(DATASET):

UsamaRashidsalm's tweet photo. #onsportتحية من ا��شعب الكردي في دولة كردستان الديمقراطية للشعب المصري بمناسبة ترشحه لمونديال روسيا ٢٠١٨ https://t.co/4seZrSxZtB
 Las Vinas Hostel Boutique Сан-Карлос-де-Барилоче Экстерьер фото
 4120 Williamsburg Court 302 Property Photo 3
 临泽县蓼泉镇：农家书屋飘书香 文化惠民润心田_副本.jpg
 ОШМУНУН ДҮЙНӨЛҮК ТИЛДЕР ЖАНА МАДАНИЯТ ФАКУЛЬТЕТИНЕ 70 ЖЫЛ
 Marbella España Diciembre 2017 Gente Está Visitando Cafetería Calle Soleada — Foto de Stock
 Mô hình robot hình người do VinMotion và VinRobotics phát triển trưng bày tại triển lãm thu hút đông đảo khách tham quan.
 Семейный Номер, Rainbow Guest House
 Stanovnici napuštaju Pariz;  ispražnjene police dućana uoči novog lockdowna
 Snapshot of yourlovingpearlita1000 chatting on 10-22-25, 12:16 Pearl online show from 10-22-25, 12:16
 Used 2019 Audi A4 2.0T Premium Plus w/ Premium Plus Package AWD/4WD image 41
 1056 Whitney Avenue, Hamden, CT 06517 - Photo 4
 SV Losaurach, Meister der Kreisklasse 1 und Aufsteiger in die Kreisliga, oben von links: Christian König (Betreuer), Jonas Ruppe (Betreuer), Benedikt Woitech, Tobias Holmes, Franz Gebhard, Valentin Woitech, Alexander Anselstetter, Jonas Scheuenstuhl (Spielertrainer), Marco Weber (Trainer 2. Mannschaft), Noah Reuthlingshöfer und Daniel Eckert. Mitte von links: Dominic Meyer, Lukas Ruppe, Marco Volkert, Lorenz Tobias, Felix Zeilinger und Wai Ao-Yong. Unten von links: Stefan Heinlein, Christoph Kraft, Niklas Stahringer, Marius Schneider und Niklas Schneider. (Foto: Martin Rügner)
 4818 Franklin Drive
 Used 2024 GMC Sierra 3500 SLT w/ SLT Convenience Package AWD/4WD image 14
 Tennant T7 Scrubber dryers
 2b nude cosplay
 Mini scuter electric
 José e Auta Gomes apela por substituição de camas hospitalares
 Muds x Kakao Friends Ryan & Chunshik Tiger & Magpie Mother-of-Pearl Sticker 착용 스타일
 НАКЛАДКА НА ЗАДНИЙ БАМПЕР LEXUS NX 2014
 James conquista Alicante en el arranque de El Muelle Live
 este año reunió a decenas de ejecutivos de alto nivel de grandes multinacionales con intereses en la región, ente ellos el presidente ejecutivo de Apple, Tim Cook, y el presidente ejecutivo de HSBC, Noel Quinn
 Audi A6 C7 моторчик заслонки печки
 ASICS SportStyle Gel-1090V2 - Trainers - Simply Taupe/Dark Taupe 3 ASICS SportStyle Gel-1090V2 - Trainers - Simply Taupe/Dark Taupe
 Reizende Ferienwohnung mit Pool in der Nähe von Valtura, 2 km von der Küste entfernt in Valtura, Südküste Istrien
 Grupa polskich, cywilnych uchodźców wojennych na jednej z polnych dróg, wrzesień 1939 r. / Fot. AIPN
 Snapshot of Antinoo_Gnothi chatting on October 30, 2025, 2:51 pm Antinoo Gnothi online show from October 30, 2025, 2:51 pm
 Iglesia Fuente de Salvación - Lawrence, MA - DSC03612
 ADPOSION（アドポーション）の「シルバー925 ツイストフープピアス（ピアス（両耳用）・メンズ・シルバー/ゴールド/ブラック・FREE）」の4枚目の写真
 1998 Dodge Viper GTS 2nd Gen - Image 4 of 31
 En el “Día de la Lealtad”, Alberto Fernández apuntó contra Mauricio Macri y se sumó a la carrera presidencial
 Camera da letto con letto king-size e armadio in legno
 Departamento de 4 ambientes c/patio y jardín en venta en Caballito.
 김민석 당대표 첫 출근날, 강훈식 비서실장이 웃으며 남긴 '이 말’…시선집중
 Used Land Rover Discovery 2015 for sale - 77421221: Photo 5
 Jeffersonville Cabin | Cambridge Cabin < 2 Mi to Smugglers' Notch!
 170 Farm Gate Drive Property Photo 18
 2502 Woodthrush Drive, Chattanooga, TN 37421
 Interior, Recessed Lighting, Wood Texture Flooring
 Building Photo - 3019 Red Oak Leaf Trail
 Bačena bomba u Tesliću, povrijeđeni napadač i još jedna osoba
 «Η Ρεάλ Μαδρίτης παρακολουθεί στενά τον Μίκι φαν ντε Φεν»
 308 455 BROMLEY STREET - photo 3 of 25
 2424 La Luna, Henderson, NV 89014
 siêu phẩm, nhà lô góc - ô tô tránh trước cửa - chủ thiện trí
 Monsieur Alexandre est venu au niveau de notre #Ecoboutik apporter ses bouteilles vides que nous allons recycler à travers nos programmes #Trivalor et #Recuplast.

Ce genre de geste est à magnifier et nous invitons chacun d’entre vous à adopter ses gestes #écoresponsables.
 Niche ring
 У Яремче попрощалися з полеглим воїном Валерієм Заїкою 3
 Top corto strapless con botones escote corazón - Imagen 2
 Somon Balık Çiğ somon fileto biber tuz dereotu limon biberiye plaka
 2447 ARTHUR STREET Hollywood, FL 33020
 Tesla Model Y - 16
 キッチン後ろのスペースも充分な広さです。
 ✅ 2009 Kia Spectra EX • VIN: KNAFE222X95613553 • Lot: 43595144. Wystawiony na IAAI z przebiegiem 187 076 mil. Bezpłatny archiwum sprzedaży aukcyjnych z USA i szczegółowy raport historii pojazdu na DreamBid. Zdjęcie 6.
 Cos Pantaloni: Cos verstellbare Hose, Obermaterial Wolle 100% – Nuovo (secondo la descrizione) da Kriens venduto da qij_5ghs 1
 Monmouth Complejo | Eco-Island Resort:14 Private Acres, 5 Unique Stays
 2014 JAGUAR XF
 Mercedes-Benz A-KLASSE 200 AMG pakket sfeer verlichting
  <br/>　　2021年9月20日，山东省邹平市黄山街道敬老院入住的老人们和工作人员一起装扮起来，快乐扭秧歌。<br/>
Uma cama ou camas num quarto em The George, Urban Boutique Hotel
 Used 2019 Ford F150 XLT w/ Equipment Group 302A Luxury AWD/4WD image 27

(DIRECTIONS):
Take the records above and return, word for word, only the lines that fall from the line with "Mô hình robot" to the line with "Snapshot of yourlovingpearlita1000", both of them included.

(RESULT):
 Mô hình robot hình người do VinMotion và VinRobotics phát triển trưng bày tại triển lãm thu hút đông đảo khách tham quan.
 Семейный Номер, Rainbow Guest House
 Stanovnici napuštaju Pariz;  ispražnjene police dućana uoči novog lockdowna
 Snapshot of yourlovingpearlita1000 chatting on 10-22-25, 12:16 Pearl online show from 10-22-25, 12:16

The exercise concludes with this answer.